## PROBLEM TO SOLVE
Look in the listing below for the line that has "Fodst�tte Home ESPRIT", then return it and each following line up to and including the one with "Den Bosch ongevouwen", exactly and without pictures.

## DATASET
★ ★ ★ ★ ★ ★ ★

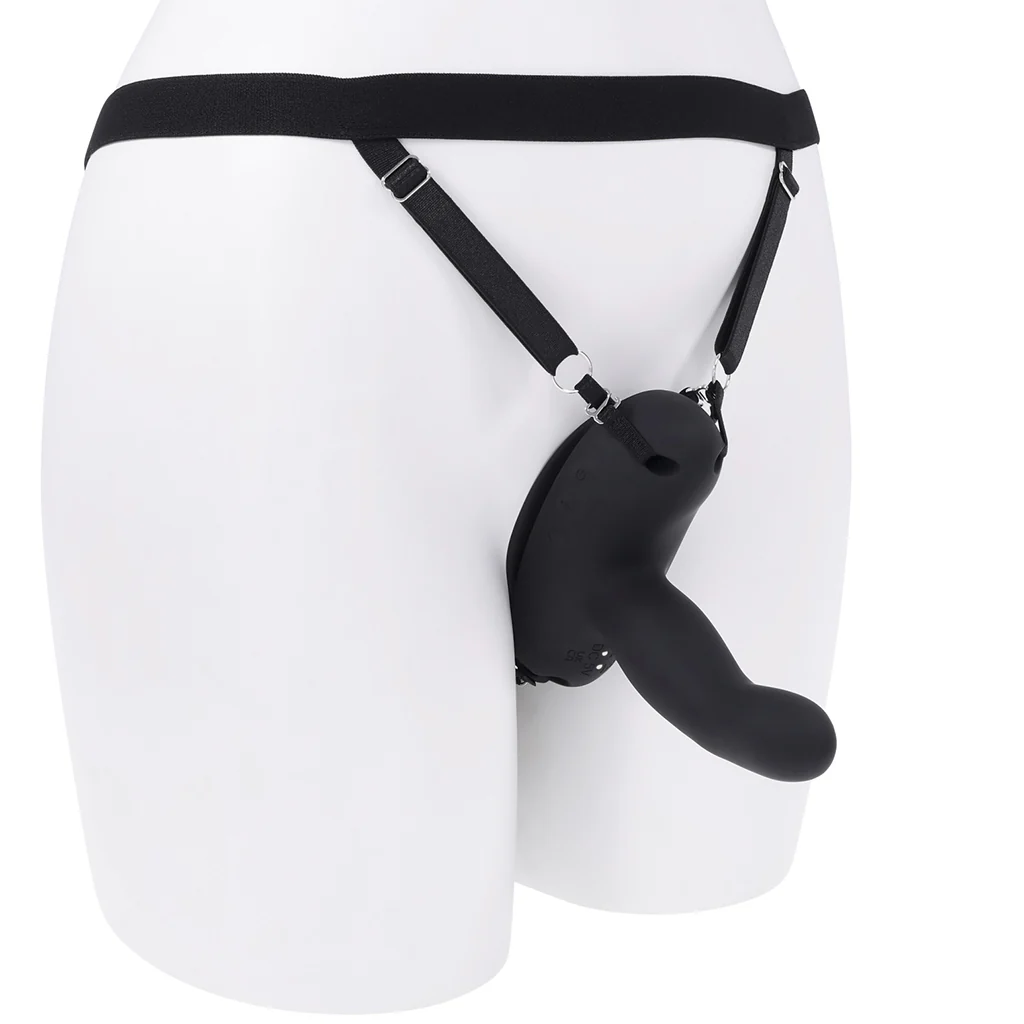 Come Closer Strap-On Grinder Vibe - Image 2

★ ★ ★ ★ ★ ★ ★

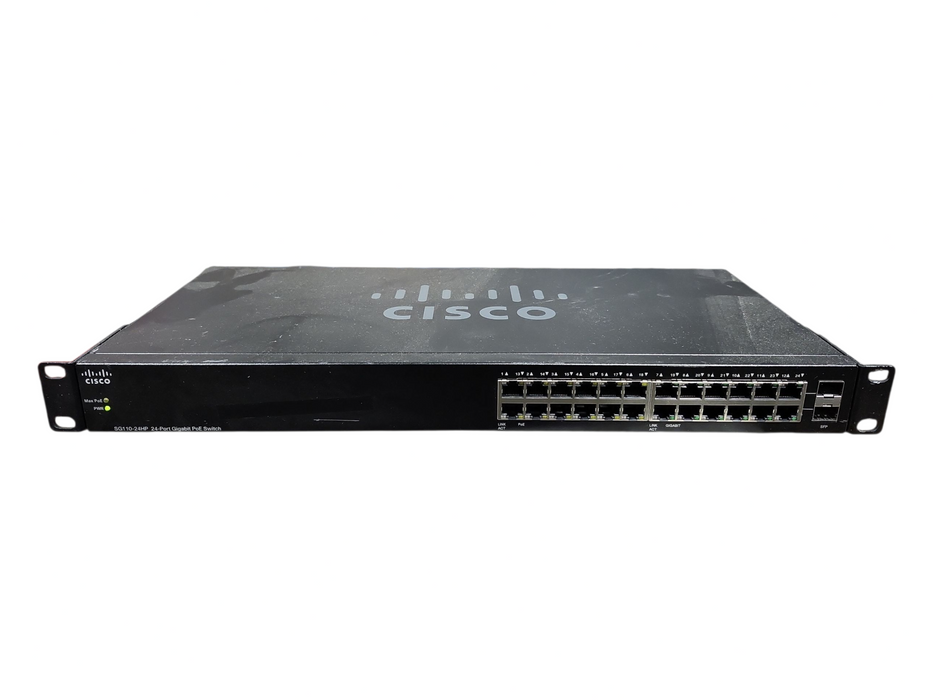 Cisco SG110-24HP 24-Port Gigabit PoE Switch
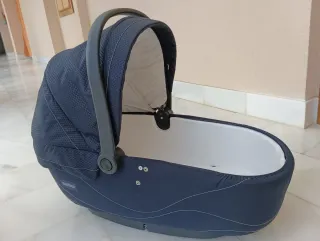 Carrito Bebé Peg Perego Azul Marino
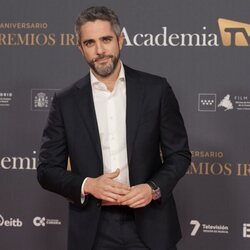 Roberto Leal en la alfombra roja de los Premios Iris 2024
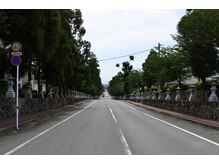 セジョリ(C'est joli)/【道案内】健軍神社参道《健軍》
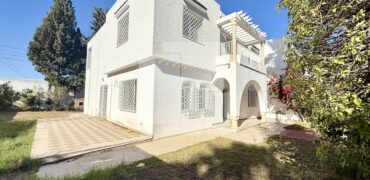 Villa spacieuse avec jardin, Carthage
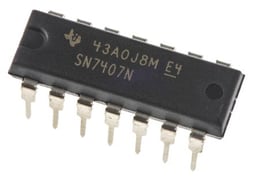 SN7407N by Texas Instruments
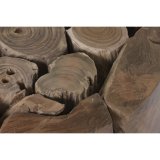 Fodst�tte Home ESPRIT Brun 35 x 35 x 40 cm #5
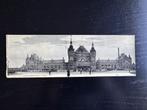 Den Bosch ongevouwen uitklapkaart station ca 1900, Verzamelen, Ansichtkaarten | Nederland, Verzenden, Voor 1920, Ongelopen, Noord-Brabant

★ ★ ★ ★ ★ ★ ★

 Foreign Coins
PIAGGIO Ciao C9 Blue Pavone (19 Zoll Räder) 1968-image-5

★ ★ ★ ★ ★ ★ ★

## RESPONSE
 Fodst�tte Home ESPRIT Brun 35 x 35 x 40 cm #5
 Den Bosch ongevouwen uitklapkaart station ca 1900, Verzamelen, Ansichtkaarten | Nederland, Verzenden, Voor 1920, Ongelopen, Noord-Brabant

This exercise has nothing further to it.